Despite the results of the 2008 presidential election, Americans, by a 2-to-1 margin, say their political views in recent years have become more conservative rather than more liberal, 39% to 18%, with 42% saying they have not changed. While independents and Democrats most often say their views haven't changed, more members of all three major partisan groups indicate that their views have shifted to the right rather than to the left.

More here.

This is all well and good if you're a conservative, but as even Gallup acknowledges, there's a lot less going on here than implied. Consider, for instance, Gallup's own long-time trend line on ideological affiliation:

Basically, it's same as it ever was, with self-identified conservatives in a four percentage point range since the early 1990s, moderates in a similar band, and liberals in one well below the other two groups.

Such findings comport broadly with a longer-running Harris Poll series that asks adults "How would your own political philosophy: conservative, moderate or liberal?" Broken down by decade, conservatives averaged 32 percent in the '70s, 36 percent in the '80s, 38 percent in the '90s, and 35 percent in the '00s so far. For liberals, the corresponding numbers were 18 percent, 18 percent, 18 percent, and 19 percent.

Despite these large and persistent preferences for "conservative" ideology over "liberal" ideology (self-defined, so who knows exactly what it means), political outcomes have not always been Republican-friendly. Though presented as a mystery to be solved, I think it simply reflects that fact that party affiliation and ideology are not particularly tightly connected among most of us (though it may be for the office seekers and political ops) and that voters get swayed by particular candidates and vote accordingly. To acknowledge that Barack Obama was the far more attractive candidate last fall (or, more precisely, to say that he sucked much less than John McCain) tells us absolutely nothing about the deep or even the shallow beliefs of the American people.

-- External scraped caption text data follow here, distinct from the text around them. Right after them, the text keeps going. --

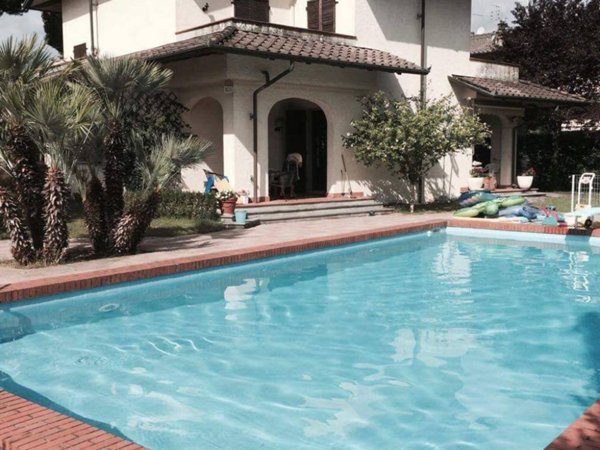 casa indipendente in vendita a Carrara in zona Avenza
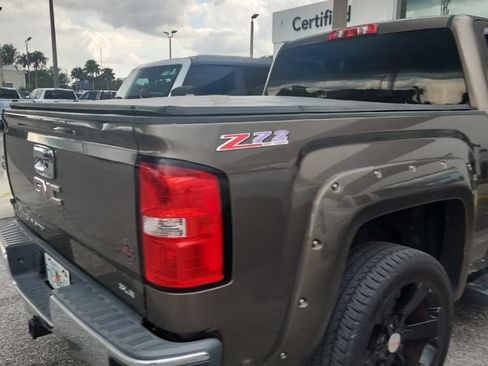 Used 2014 GMC Sierra 1500 SLE w/ SLE Value Package AWD/4WD image 3
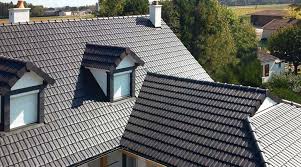 Couverture en plaques nervurées issues de tôles d'acier revêtues ;; Toiture Materiau Isolation Tuiles Cote Maison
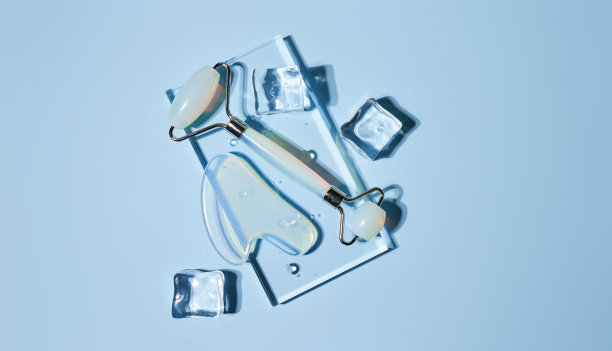 青玉面辊和刮痧用于美容面部按摩治疗图片下载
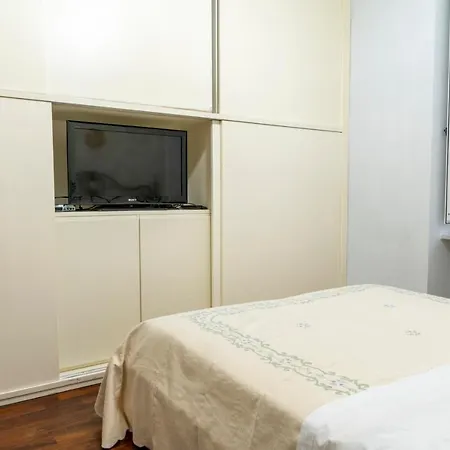 Deluxe With Garden In Vomero Apartment Naples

Though hopefully the rise of unaffiliated voters in the wake of Obama's vision deficit, not to mention that brave majority of Democrats who admit that Congress today is no "better than a random group from the phone book," is a sign that Americans (god bless us all, everyone) are waking up to the idea that it is better to run your own life in every way, shape, and form than to cede power to Washington, state houses, and other distant, indifferent, and incompetent rules.